Bunun yanı sıra gözle görünmeyen sorunlar da çok büyük: Petrol ve doğalgaz arama çalışmalarında derin deniz balinalarını sağır eden ölümcül sismik patlatmalar kullanılıyor. Bugüne kadar var olmuş, bilinen en büyük beyne sahip ispermeçet balinası vb. türler derin denizlerdeki mürekkep balığıyla beslenmek için inanılmaz derinliklere dalıyor. Bu hayvanlar “sesle” görüyor, yollarını bulmak ve hayatta kalmak için gelişmiş işitme duyularına güveniyorlar.

Su altında yapılan patlatma faaliyetleri bu hayvanları sağır edebiliyor veya bölgeden hızlıca kaçmalarına yol açarak şaşırmalarına ve kaybolmalarına neden olabiliyor. 
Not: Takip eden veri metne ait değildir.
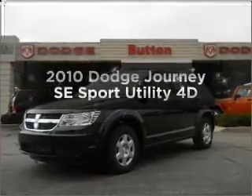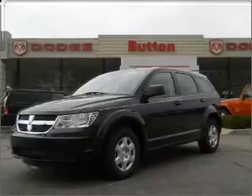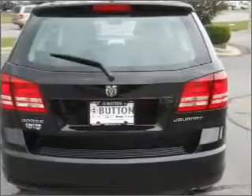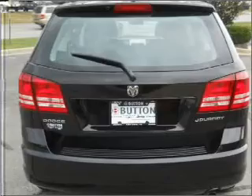Check out this 2010 Dodge Journey — everything you need under one roof with this great vehicle. It features a reliable engine connected to a smooth shifting automatic transmission. Premium wheels give a more luxurious look, and you will appreciate the safety feature of anti-lock brakes.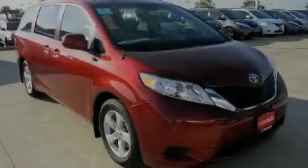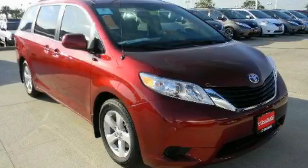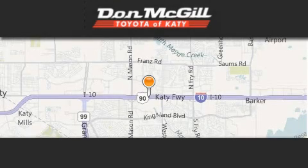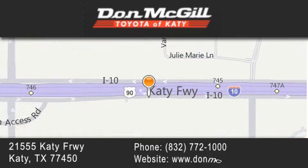Contact us today to arrange your test drive. Don McGill Toyota of Katy is located at 2155 Katy Freeway in Katy. Our goal is to exceed all of your expectations to ensure that you'll return for future visits.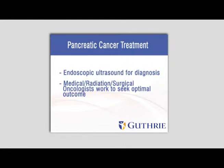And what treatment options does Guthrie Health offer for pancreatic cancer? We use an integrated approach. We use endoscopic ultrasound for diagnosis and we can get sampling and staging information. We have medical oncologists, radiation oncologists, and surgical oncologists who all work together as a team to treat the patient and seek optimal outcomes.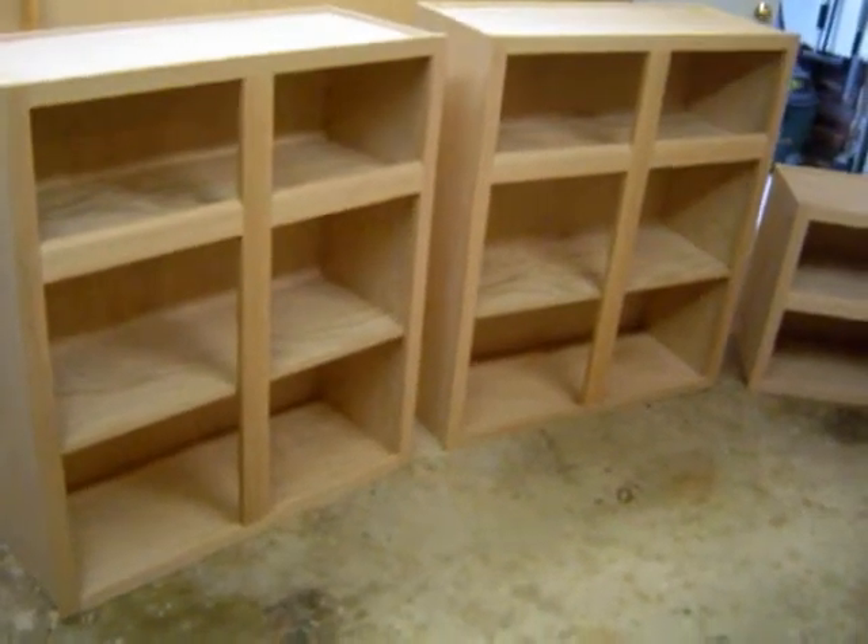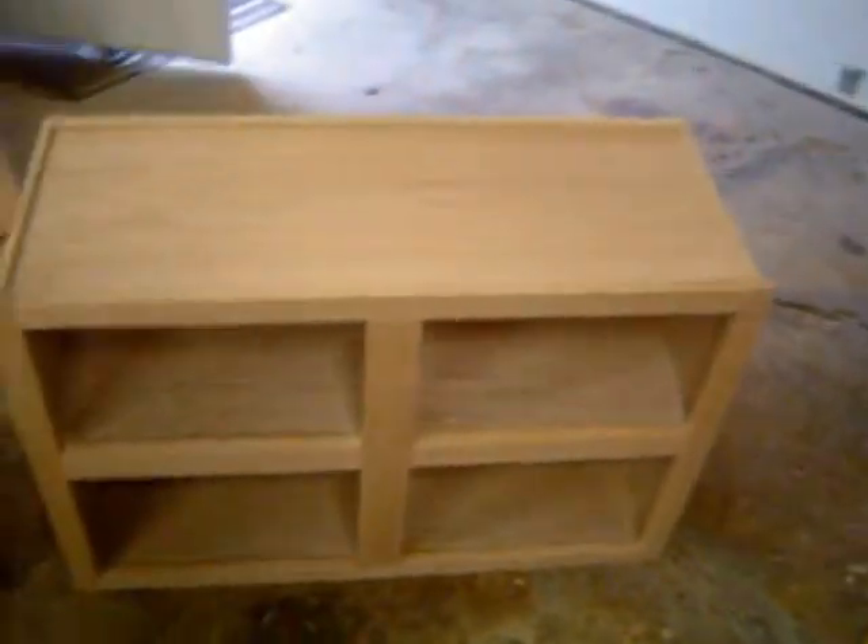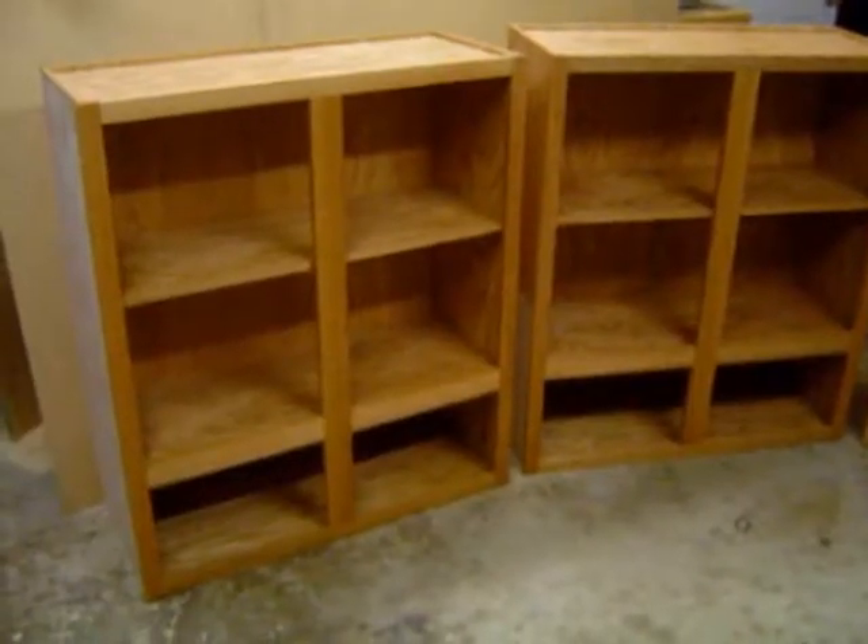Three cabinets ready for stain and polyurethane. The stained cabinets.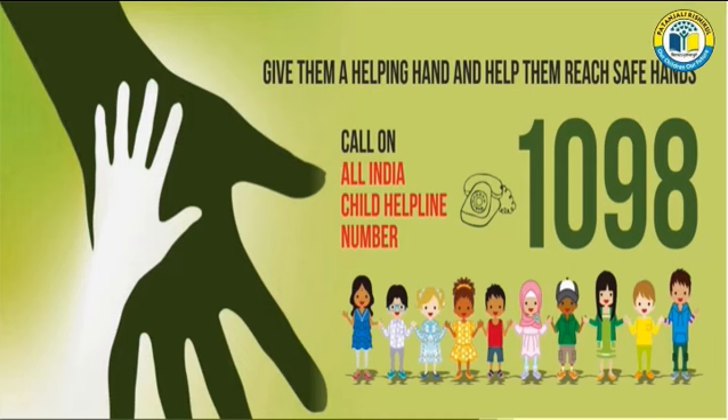Child's Helpline Number. This is very important, children. Remember, if any stranger or anyone except your parents is touching you and you are feeling uncomfortable, then immediately inform your parents. And if you are in school, then inform your teacher. And if nobody is available, then call on this number, that is 1098. This is the All India Child Helpline Number.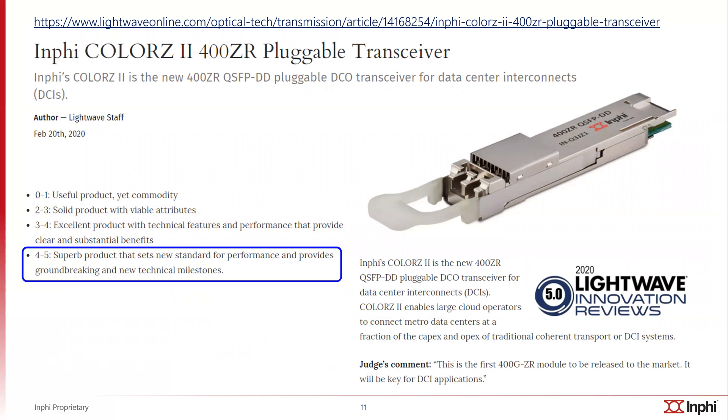The COLORS2 module was recently recognized by Lightwave magazine for an innovation award at OFC 2020. On a scale of one to five, we scored a five. One of the judge's comments was: this is the first 400G ZR module to be released to the market, and it will be key to DCI applications. This is indeed the first pluggable 400G ZR module in a QSFP-DD form factor meant for the DCI application space. Thank you.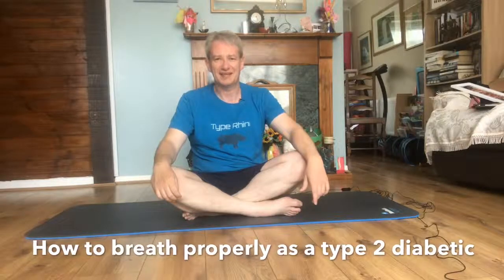Hi, today we're going to talk about how to breathe properly as a type 2 diabetic. If you're a type 2 diabetic looking to heal yourself naturally, give us a subscribe, a like, and press the notification bell so you get updates on all the videos. My name is John Collett and I'm the founder of Type Rhino. Let's get into breathing as a type 2 diabetic.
TÜRKİYE DENİZLERİNDE KİRLENME SORUNU (ATIK BOŞALTIMI)
Türkiye denizleri de diğer dünya deniz ve okyanusları gibi kronik kirlenme etkisi altında. Bu kirlenmede evsel atıklar, kara kökenli kirlenme önemli bir rol oynuyor. Arıtılmamış atıkların deniz ortamına verilmesi birçok kıyı alanında devam ediyor. Kara kökenli kirlenme en fazla Marmara Denizi'nde. Kirlenme nedeniyle denizlerimizde, başta Marmara olmak üzere azoik-ölü noktalar oluşmaya başladı.
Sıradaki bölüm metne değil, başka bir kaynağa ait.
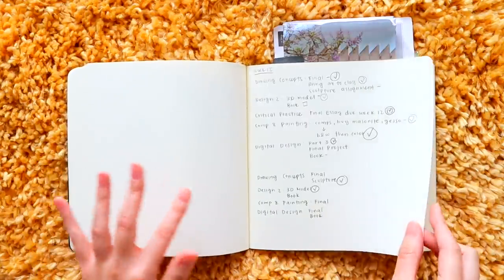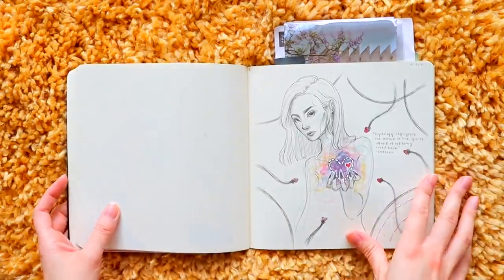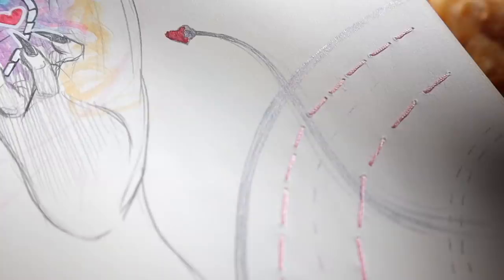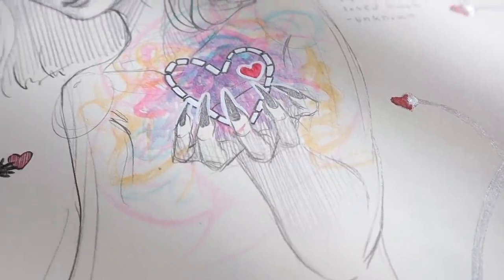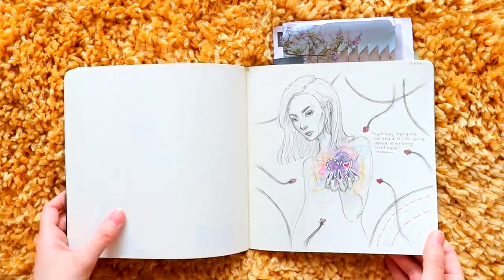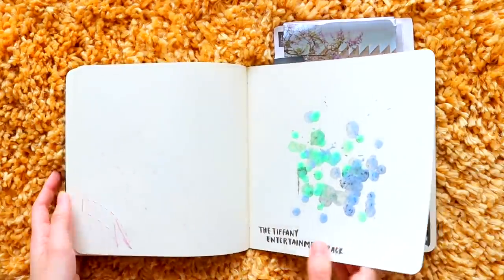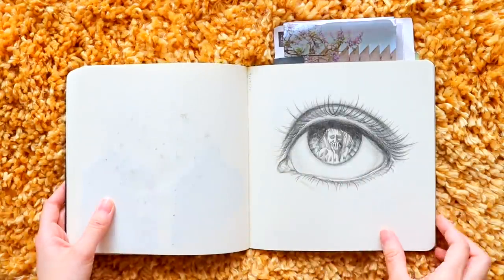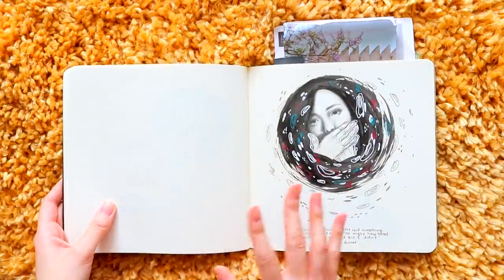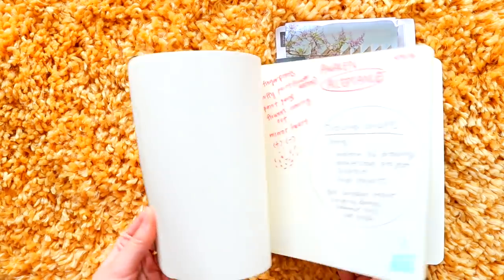These are just notes — I was very into studying portraits. This might still be one of my favorite sketches from that time. I don't really draw like this anymore. I was also very into quotes — this one reads 'Psychology says you're not afraid to love, you're afraid of not being loved back.' I was very caught up with love. I also wasn't great at taking up the whole space on a page; I was literally just drawing in the center.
BALIKÇILIK İLE İLGİLİ PROBLEMLER (YASADIŞI VE KAYITDIŞI BALIKÇILIK, AŞIRI BALIK AVCILIĞI, HAYALET AĞLAR/KAYIP AV ARAÇLARI)
Denetimin olmadığı açık denizler, büyük gemiler tarafından talan ediliyor. Bu endüstriyel av gemileri, denizlerde trol ağı gibi yıkıcı yöntemler kullanarak sanki tarla sürer gibi deniz yatağını tarıyor, kompleks habitatlar deniz tabanıyla birlikte yok oluyor. Hepimizin yakından bildiği kaplumbağa, albatros, yunus ve denizatı gibi okyanus canlıları yıkıcı balıkçılık faaliyetleri tehlikesiyle karşı karşıya.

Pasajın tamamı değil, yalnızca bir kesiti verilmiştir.